The fact is, you wouldn’t have the Lord of the Rings, Harry Potter, Matrix, Battlestar Galactica, Avatar or any of their imitators without Star Wars. While Jaws ushered in the age of the summer blockbuster and sci fi certainly existing before Star Ward, Star Wars was the first film to bring sci-fi fantasy world-building to a new cinematic level. Without Star Wars, Star Trek would still be a bunch of Redshirts getting killed on a poorly lit sound stage by a dude with a latex mask on his head.
The original Star Wars proved that you could create these bizarre worlds in a realistic way and use them to tell a compelling story.
I was always partial to Leia’s Hoth snow bunny outfit.
I thought she was hottest in her Endor get up. Who doesn’t love a good poncho?
The day the earth stood still is a much more mature film then star wars…
It’s a more serious film, for sure, but that’s not the same as mature.
Oh yeah, that reminds me of another thing that made Star Wars great. Lucas just happened to know that–and this is freaking genius–there is no underwear in space! One of the best stories that Carrie Fisher tells in her latest book and memoir Wishful Drinking is her explanation for why Princess Leia was so, er, bouncy in the original Star Wars.[INDENT] Remember the white dress I wore all through that film [Star Wars]? George [Lucas] came up to me the first day of filming, took one look at the dress and said: “You can’t wear a bra under that dress.”

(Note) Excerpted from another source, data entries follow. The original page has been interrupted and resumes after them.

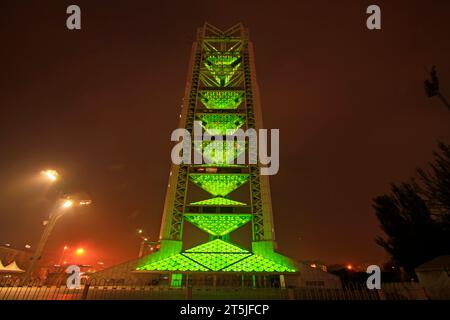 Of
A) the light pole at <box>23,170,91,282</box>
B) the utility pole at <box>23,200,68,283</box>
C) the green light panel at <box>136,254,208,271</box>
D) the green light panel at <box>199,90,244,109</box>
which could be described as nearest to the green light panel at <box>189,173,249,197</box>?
the green light panel at <box>136,254,208,271</box>

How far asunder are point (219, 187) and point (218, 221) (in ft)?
21.7

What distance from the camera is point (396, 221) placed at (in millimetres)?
34938

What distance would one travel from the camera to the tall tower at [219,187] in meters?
27.2

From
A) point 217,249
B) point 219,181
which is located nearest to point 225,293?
point 217,249

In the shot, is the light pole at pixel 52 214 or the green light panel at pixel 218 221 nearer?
the light pole at pixel 52 214

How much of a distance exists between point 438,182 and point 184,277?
91.4ft

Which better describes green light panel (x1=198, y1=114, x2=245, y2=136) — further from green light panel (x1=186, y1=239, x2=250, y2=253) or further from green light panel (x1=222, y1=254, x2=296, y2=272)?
green light panel (x1=222, y1=254, x2=296, y2=272)

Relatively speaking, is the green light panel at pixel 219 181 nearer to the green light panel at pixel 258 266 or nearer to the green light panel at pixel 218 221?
the green light panel at pixel 218 221

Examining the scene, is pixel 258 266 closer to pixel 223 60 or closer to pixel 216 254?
pixel 216 254

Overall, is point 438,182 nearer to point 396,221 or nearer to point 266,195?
point 396,221

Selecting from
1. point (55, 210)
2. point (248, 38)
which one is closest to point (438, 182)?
point (55, 210)

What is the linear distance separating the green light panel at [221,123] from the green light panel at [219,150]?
2.87 meters

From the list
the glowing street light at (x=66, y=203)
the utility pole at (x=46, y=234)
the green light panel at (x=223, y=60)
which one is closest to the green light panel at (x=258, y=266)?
the glowing street light at (x=66, y=203)

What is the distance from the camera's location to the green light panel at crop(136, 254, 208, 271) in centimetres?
2542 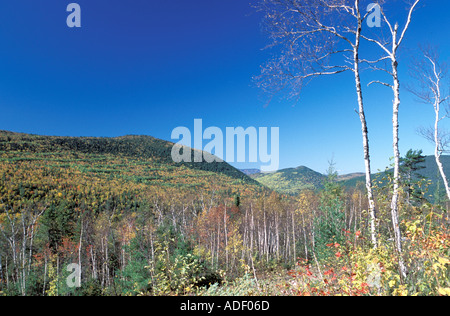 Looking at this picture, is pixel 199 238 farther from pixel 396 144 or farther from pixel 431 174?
pixel 431 174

“OK, I’ll bite,” I said. “Why?” And he said: "Because… there’s no underwear in space."While that is a ridiculous statement in itself, it gets better. Recently, after Carrie Fisher told this anecdote in her one-woman show in San Francisco, Lucas came backstage to expand on his reasoning. He explained that in space you get weightless, and so your flesh expands. What? But your bra doesn’t, so you get strangled by your bra. That’s why I couldn’t wear a bra in the first Star Wars.[/INDENT]That you, George. You might be a little fuzzy on whether or not Han shot first/only but you got this one right!

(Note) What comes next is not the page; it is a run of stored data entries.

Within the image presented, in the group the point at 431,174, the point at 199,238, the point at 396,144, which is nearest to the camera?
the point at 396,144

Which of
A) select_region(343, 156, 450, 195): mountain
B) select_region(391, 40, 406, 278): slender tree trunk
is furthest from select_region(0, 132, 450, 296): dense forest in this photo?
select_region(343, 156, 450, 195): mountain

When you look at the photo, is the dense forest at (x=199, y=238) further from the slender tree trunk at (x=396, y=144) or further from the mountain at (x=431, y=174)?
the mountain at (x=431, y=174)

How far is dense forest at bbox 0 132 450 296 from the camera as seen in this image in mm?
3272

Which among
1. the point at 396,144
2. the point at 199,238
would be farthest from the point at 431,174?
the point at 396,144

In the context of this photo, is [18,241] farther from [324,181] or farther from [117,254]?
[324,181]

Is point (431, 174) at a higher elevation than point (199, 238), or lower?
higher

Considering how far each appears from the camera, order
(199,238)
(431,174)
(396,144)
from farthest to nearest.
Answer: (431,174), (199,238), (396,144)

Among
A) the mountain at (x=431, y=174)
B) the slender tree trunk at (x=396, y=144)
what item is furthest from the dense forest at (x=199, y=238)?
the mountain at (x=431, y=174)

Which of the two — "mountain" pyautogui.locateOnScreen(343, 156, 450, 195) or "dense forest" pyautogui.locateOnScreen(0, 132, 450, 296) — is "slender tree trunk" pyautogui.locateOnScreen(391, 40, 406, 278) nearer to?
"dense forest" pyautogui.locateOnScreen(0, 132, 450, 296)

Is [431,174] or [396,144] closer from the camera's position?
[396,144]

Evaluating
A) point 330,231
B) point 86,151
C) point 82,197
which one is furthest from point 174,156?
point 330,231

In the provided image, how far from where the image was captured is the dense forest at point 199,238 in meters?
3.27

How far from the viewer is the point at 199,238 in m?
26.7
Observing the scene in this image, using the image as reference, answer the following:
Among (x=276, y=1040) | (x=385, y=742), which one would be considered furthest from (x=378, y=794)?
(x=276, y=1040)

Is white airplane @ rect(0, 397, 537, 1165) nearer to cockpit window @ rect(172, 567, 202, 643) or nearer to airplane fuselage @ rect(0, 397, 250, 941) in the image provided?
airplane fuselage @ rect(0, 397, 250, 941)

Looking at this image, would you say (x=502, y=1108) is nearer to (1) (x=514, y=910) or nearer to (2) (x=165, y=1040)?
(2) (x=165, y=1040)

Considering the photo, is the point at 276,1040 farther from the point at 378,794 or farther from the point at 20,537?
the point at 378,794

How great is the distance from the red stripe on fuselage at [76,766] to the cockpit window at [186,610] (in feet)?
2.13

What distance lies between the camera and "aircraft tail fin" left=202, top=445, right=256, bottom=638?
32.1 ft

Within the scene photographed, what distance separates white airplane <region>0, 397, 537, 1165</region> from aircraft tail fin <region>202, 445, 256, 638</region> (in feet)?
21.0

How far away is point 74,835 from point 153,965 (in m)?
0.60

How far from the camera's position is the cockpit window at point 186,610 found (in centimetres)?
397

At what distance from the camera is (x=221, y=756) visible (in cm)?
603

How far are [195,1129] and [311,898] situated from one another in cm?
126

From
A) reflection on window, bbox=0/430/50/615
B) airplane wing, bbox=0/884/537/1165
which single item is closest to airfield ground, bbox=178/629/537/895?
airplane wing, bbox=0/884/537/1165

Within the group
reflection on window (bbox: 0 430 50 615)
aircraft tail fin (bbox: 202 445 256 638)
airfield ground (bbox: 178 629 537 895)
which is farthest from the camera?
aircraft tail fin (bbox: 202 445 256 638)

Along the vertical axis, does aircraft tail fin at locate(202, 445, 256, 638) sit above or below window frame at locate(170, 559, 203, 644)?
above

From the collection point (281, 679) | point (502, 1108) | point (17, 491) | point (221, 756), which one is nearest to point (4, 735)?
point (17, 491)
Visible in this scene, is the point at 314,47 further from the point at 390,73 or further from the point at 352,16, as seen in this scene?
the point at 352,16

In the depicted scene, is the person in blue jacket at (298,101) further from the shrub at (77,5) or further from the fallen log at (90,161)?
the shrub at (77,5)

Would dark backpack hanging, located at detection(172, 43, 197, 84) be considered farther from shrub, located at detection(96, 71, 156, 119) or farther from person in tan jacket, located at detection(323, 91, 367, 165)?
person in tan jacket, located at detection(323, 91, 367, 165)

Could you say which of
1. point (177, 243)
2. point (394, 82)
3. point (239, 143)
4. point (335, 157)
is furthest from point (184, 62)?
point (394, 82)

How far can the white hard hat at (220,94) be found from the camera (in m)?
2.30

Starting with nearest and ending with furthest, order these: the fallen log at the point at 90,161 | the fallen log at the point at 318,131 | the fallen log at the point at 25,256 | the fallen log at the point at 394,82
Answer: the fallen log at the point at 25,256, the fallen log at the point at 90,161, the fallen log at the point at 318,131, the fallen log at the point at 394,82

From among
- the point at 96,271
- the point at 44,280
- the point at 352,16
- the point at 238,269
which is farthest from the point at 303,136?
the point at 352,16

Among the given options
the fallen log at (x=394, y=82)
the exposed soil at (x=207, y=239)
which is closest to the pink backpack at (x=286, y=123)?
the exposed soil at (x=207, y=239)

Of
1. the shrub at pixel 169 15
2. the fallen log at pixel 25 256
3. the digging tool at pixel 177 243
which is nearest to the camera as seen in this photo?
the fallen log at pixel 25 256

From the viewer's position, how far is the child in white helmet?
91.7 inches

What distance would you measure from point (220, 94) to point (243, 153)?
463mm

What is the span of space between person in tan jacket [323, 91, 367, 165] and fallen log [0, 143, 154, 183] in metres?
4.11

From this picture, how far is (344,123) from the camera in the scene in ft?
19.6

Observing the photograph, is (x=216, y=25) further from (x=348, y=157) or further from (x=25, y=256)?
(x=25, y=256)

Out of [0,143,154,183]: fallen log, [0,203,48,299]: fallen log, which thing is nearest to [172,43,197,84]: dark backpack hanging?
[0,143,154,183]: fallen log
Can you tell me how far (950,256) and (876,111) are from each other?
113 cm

“Windtalkers” is a much more mature film than “Finding Nemo,” but the latter is still a million times better.
I think some good points have been made about the genius of “Star Wars”'s set design (for which it won the Oscar, very deservedly.) I hadn’t really consciously noticed it, but sci-fi movies prior to SW do, to a large extent, look like they were shot wherever someone could get permission to shoot in a modernistic-looking office building.
“Star Wars,” of course, put a hell of a lot of effort into building sets that look like it’s an inhabited and totally different universe. The Star Wars world has a character all its own. It’s industrial, unfriendly, dirty, and old. Then Lucas takes some distinct characters and lets 'em loose.
People make fun of the dialogue, and I really don’t understand why. The dialogue is perfectly good; the characters say what they want to say, have some good lines and memorable catchphrases, avoid excessive technobabble, and wherever possible the movie shows instead of telling. The dialogue is SIMPLE, but that does not make it BAD. Good dialogue doesn’t have to be Quentin Tarantino stuff; its purpose is to move the story along and tell you who’s who, and Star Wars does that. I can understand why the actors might not have been overly thrilled with it, because it’s simplistic stuff in a day when acting was reaching new heights of nuance and complexity; everyone wanted to be Al Pacino in “The Godfather” or, if you’re going to be in an action movie, at least have a great monologue like Robert Shaw in “Jaws.” Star Wars isn’t like that. The only speechifying of any sort is Alec Guinness’s wistful comments on the past in his hut. Otherwise it just gets you from A to B, but holy moly, does it ever.